Input:
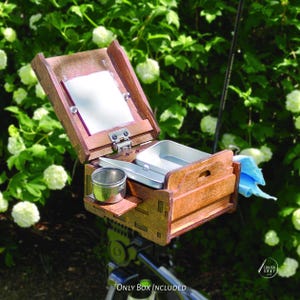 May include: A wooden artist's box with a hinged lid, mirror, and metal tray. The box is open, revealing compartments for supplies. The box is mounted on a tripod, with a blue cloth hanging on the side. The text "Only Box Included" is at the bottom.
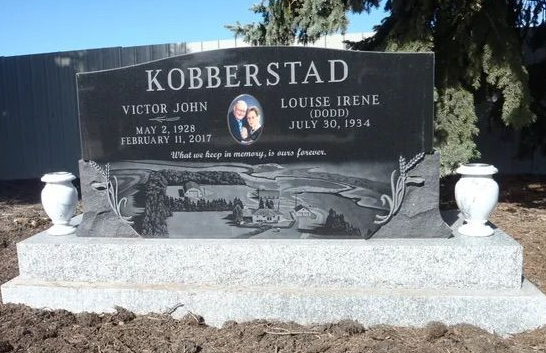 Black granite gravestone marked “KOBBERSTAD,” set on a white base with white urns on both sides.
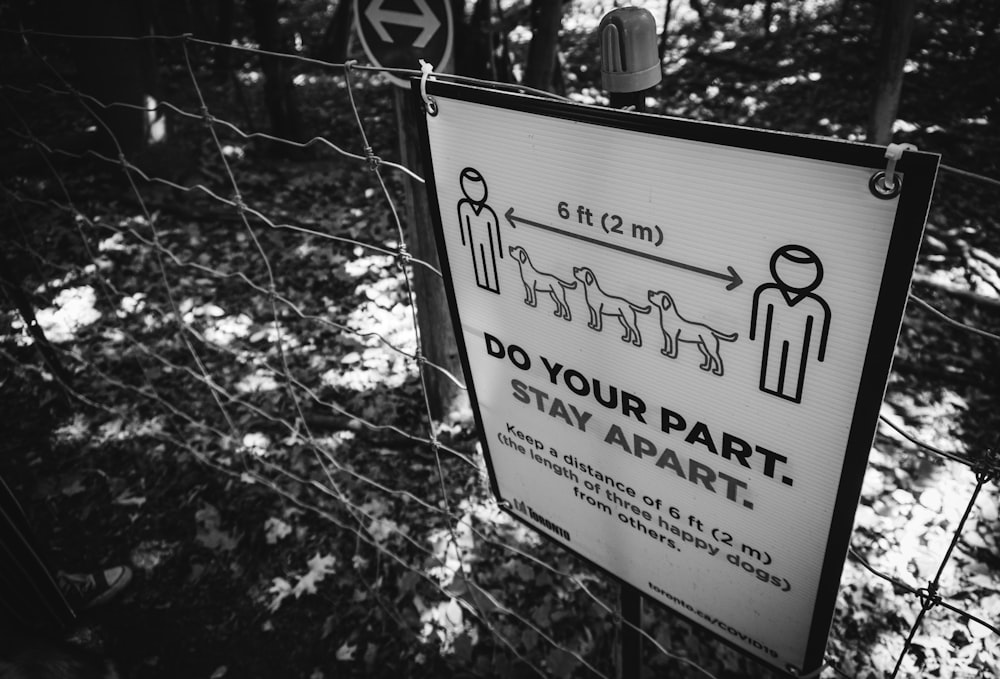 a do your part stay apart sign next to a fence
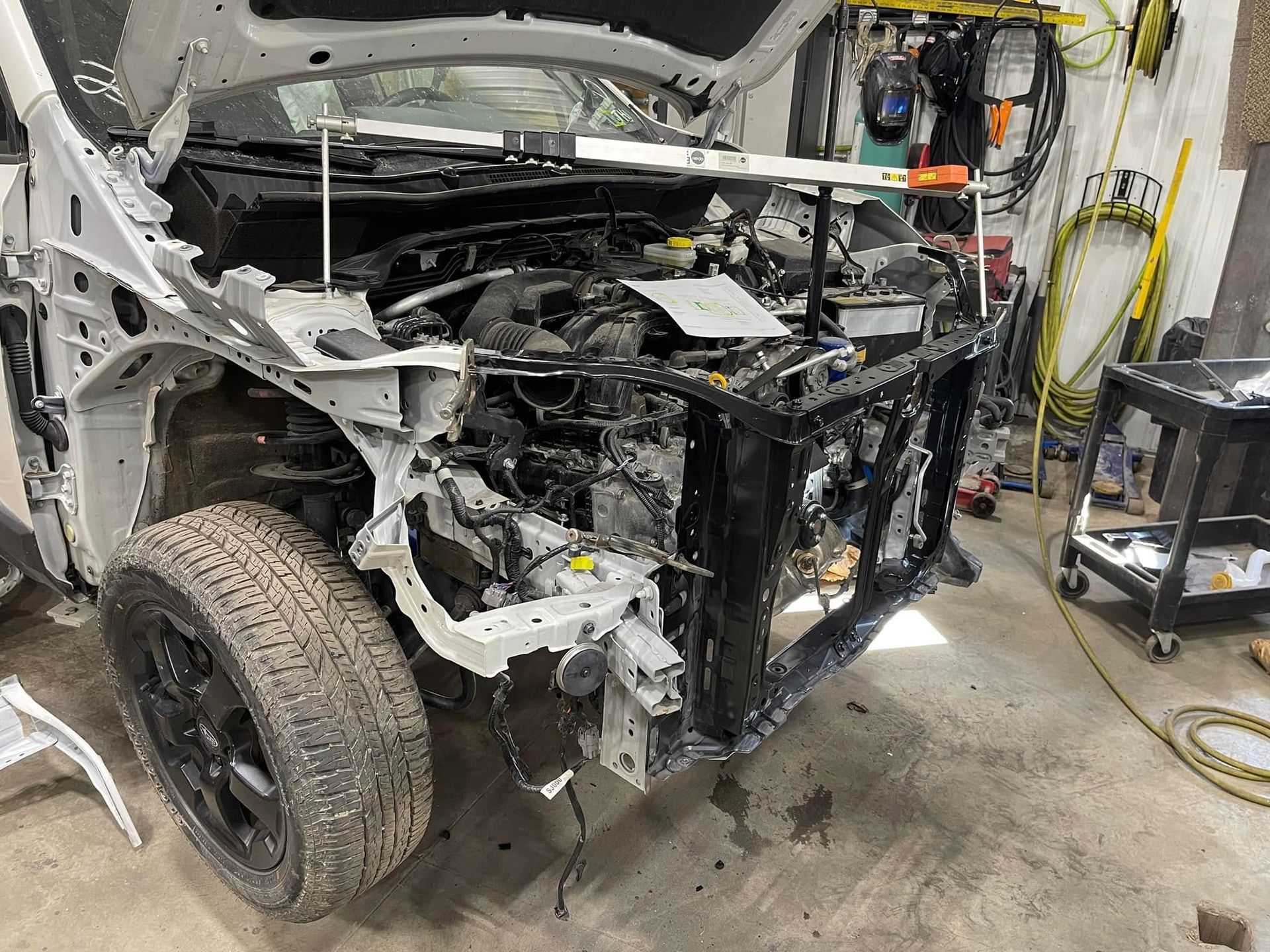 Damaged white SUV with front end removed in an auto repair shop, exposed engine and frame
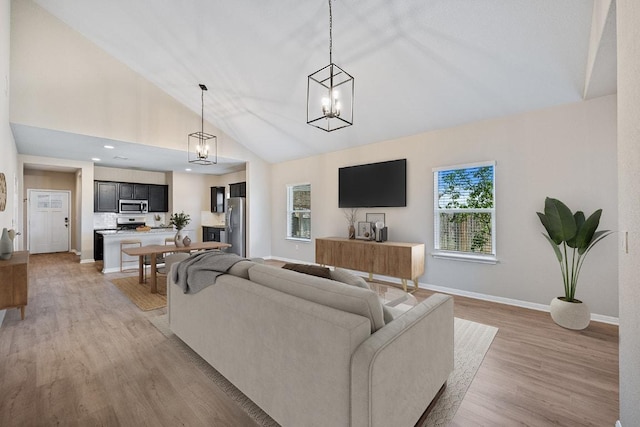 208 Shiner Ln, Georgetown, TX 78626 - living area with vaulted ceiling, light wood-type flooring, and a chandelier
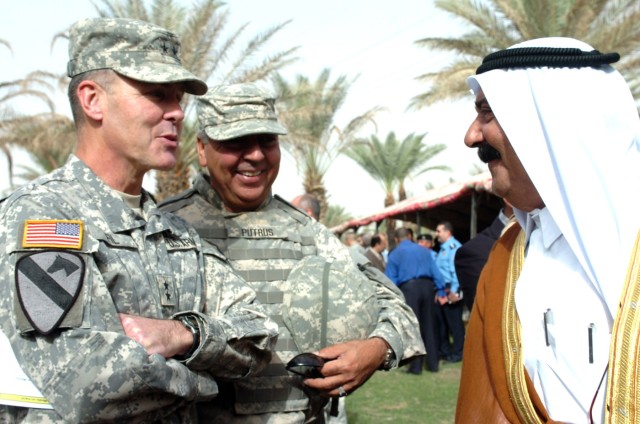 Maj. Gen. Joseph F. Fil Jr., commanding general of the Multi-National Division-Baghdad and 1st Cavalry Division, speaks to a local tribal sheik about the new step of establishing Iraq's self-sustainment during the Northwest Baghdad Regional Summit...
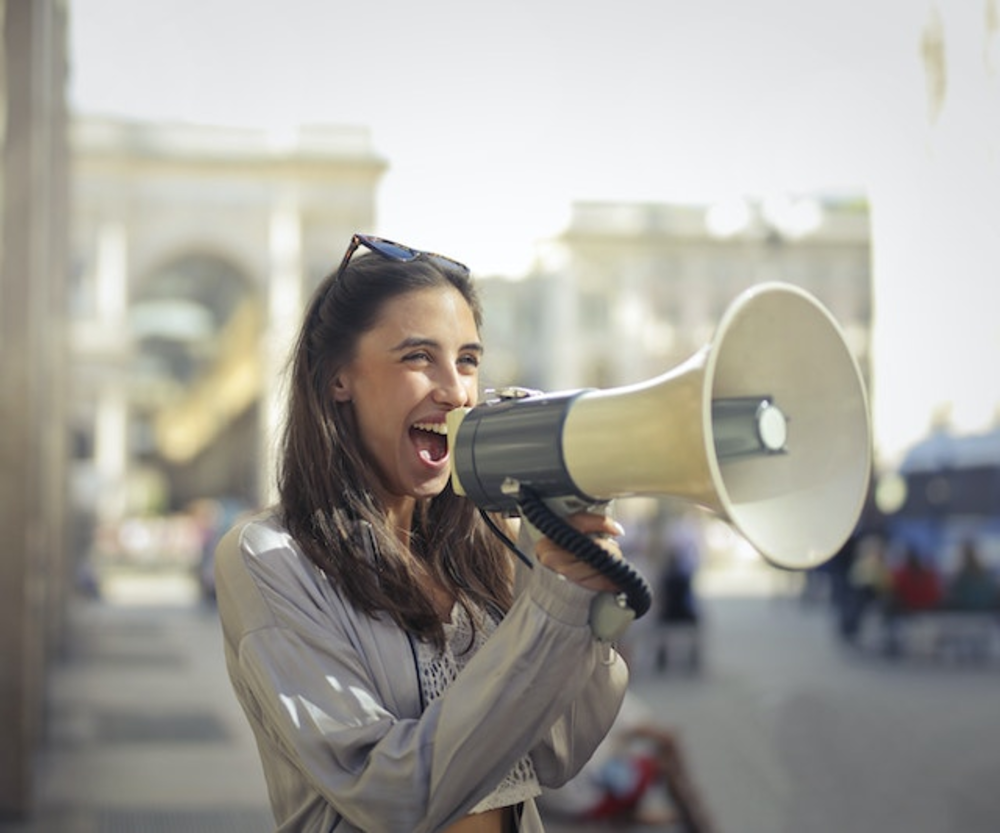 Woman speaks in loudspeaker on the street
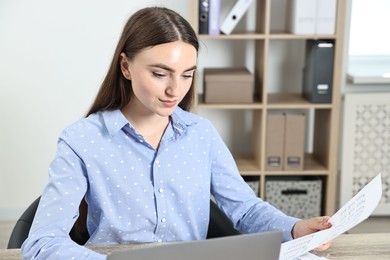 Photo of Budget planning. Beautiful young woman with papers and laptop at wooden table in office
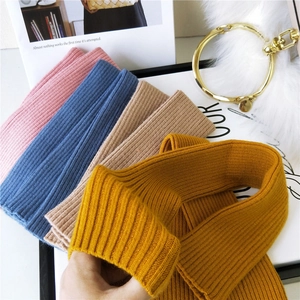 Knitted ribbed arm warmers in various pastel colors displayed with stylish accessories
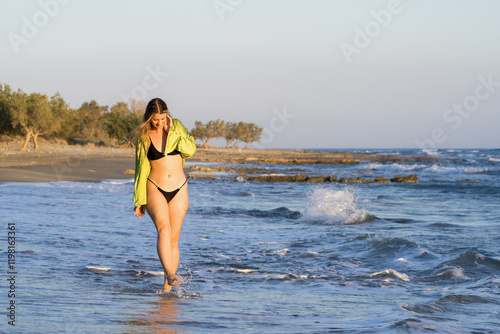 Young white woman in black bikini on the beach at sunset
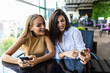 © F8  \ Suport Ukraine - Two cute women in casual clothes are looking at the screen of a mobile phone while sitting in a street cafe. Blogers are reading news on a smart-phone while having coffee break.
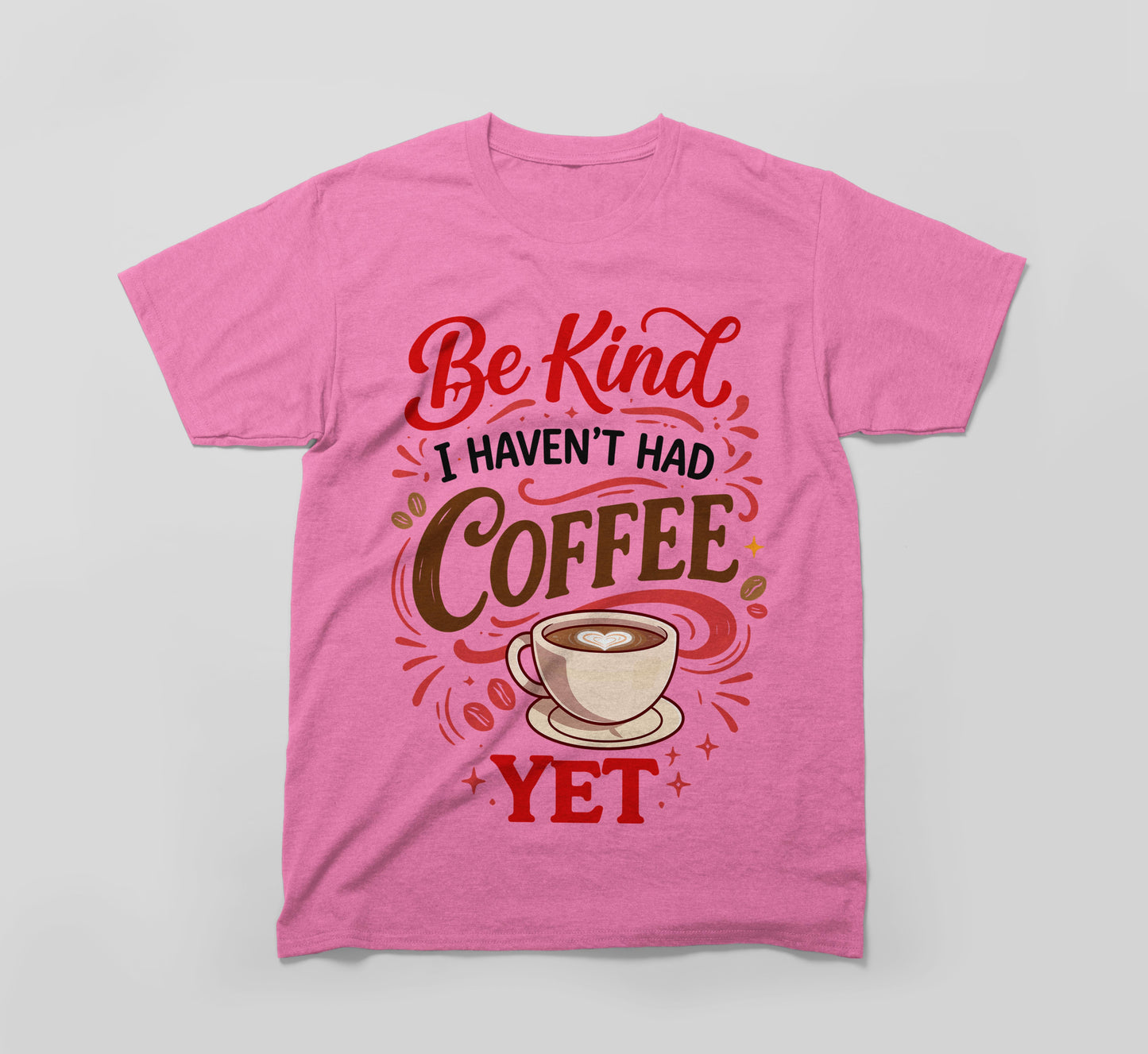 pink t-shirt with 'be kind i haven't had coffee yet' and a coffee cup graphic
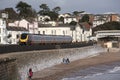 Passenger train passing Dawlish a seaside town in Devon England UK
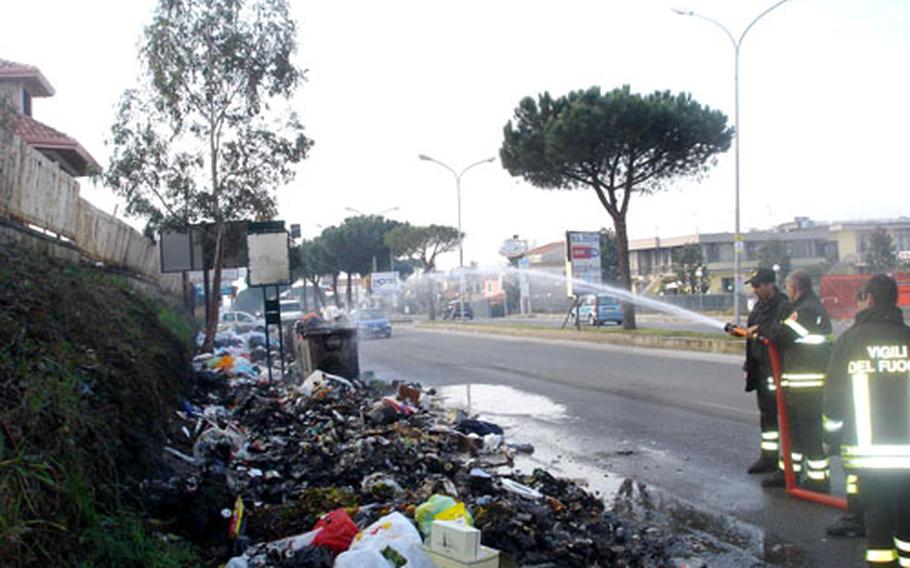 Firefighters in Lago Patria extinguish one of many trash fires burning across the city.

Activity:
What is needed is an exact copy of each line from the top of the data above through the line containing "208 Shiner Ln, Georgetown, TX", with no pictures.

Final answer:
 May include: A wooden artist's box with a hinged lid, mirror, and metal tray. The box is open, revealing compartments for supplies. The box is mounted on a tripod, with a blue cloth hanging on the side. The text "Only Box Included" is at the bottom.
 Black granite gravestone marked “KOBBERSTAD,” set on a white base with white urns on both sides.
 a do your part stay apart sign next to a fence
 Damaged white SUV with front end removed in an auto repair shop, exposed engine and frame
 208 Shiner Ln, Georgetown, TX 78626 - living area with vaulted ceiling, light wood-type flooring, and a chandelier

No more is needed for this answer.